Wojtek hated to sleep alone in his crate and often bunked down in one of the soldiers tents. He loved sweets and beer and even an occasional cigarette, although by todays standards the anti-cruelty types would surely rant and rave. And he was crazy about the shower room, often pulling the cord and emptying the companys entire water supply on himself. He also enjoyed good-natured wrestling but never hurt anyone. After easily flooring a rival, he would lick his face.

 

One night soldiers heard a ghastly outcry and sprang from their bunks to find a terrified howling Wojtek who had come across an unexpected Arab trying to get close to the companys weapons. In Italy, when two soldiers had a hard time lifting an ammunition crate at Monte Cassino, Wojtek easily picked it up and carried it to where it was needed. The cartoon-style logo of a bear carrying an artillery shell henceforth became the 22nd Companys trademark.

 

Wojtek traveled with his comrades aboard the Polish troop ship Batory and ended up in Scotland. After the war, when the unit was dissolved, the question arose: what about Wojtek? He lovable bruin was too much to handle for any single family. It was finally decided to entrust him for safekeeping to the Glasgow Zoo until he could be moved to free Poland. Some of the veterans would visit Wojtek at the zoo, and he always livened up at the sound of familiar Polish speech. They threw him treats and occasionally a lit cigarette which he puffed with enjoyment. But he died there in 1963 of natural causes more than a quarter-century before Poland would throw off the Soviet yoke.

 

The logo of Wojtek the Soldier-Bear graced the sides of 22nd Artillery Supply Company vehicles.

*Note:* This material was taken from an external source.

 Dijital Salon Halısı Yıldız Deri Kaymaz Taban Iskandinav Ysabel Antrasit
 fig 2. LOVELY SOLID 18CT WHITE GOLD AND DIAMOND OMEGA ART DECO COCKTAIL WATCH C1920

There have been occasional articles about Wojtek in different countries, but his most compete story was Wojtek spod Monte Cassino written by Polish war veteran Wiesław Lasocki and published in London by the émigré Polish Veterans Association. The book was later translated into English as Soldier Bear.


When Britains Prince Charles was visiting the Imperial War Museum with his sons, a guide mentioned the Wojtek story, but he only replied: Theres no need to tell me about it. Ive already read the book to my boys.